Why Job Growth Is Slow

I was at a conference for VCs today, at which the closing speaker was Harvard Professor Kenneth Rogoff. He previously served as head economist at the IMF, among many other luminous positions. Rogoff also was a professional chess player. Pretty neat.

He spoke about the worldwide economic stagnation and looked at potential root causes. Is innovation slowing? Are demographics the cause? Too much regulation?

His analysis was that the current anemic job growth worldwide is the natural result of a credit boom and bust cycle.  In fact, he analyzed eight centuries’ worth of financial crises and concluded that there is a fairly predictable pattern: economies take on too much debt, things hit a tipping point, markets collapse, and it then takes about five to six years of stagnation before things improve.

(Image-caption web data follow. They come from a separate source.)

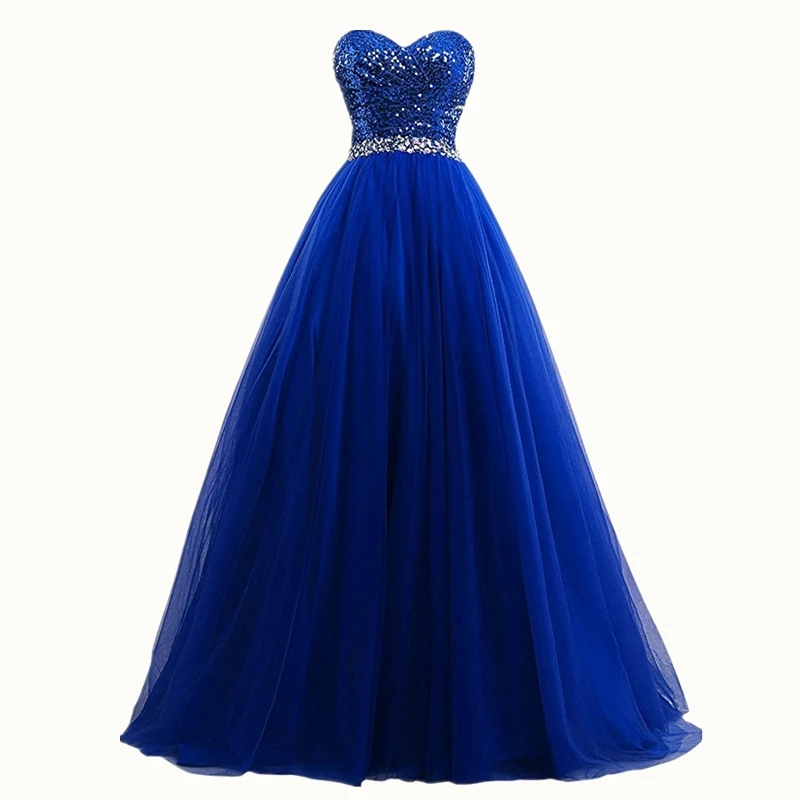 Royal Blue 2018 Cheap Tulle Dress Simple Ball Gown With Luxury Crystal ...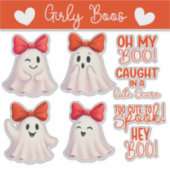 Schattigee geesten met rode bogen sticker (Voorkant)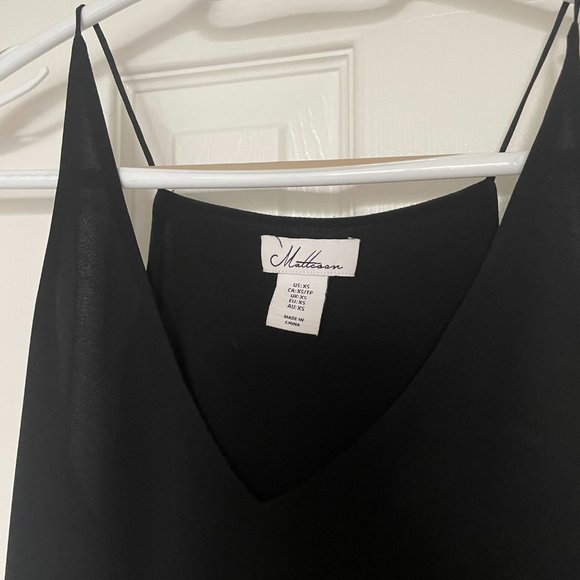 NWOT MATTISON BLACK SILK TANK - Picture 1 of 5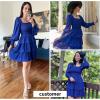 imageByinns Womens 2024 Square Neck Ruffle Dress Long Sleeve Floral Print Tiered Tie Back Layered Swing Mini DressDark Blue
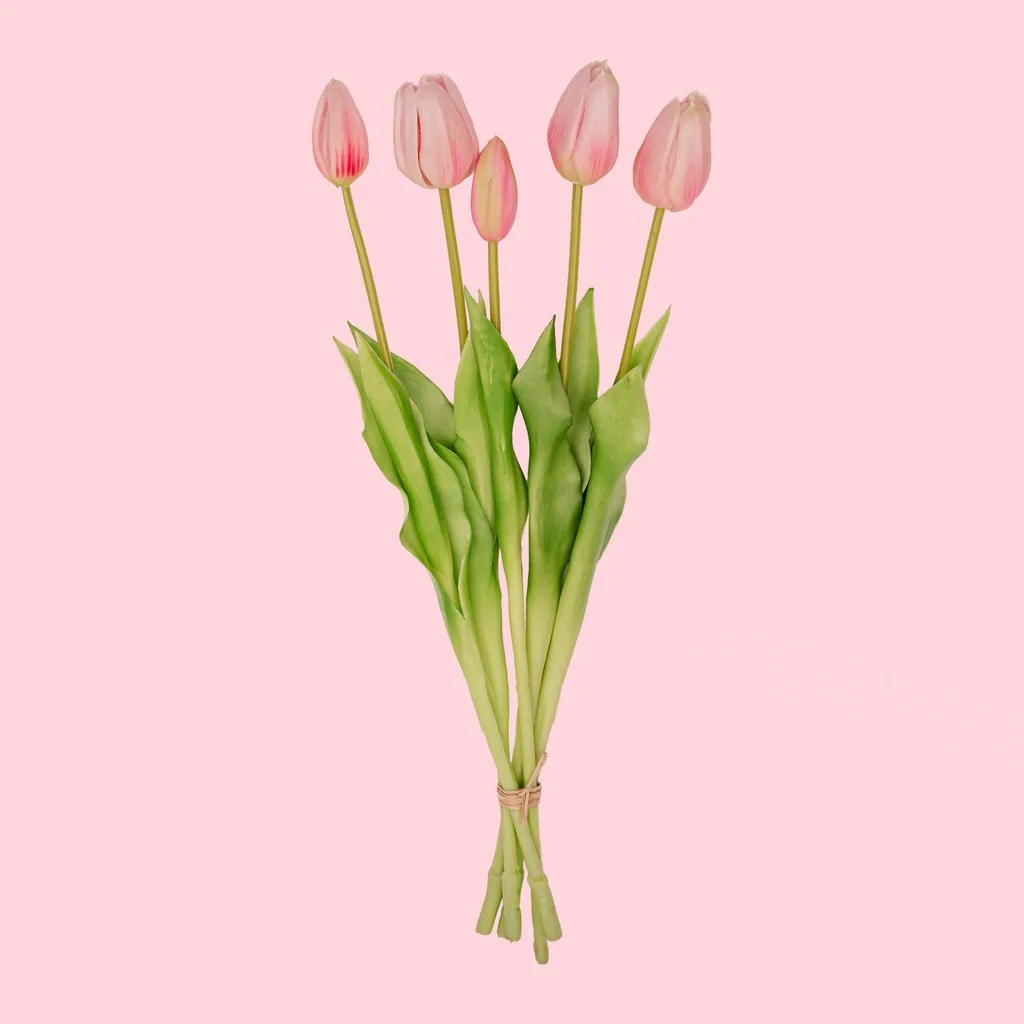 Vase Erdbeermädchen + 10x Echt-Touch Tulpe Rosa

I thought it was a very interesting talk.

Our nation has gone a bit guardrail to guardrail on elections recently. People tend to vote depending on their perceptions of their economic prospects. If they feel good about the economy, they’ll re-up with the current political party. If they don’t, they go for the other one. So, we’ve been swinging from the GOP to the Democrats and back again.

The good news is that it is now six years after the 2008 crisis. So, I hope Prof. Rogoff is right. Hopefully, light is at the end of the tunnel.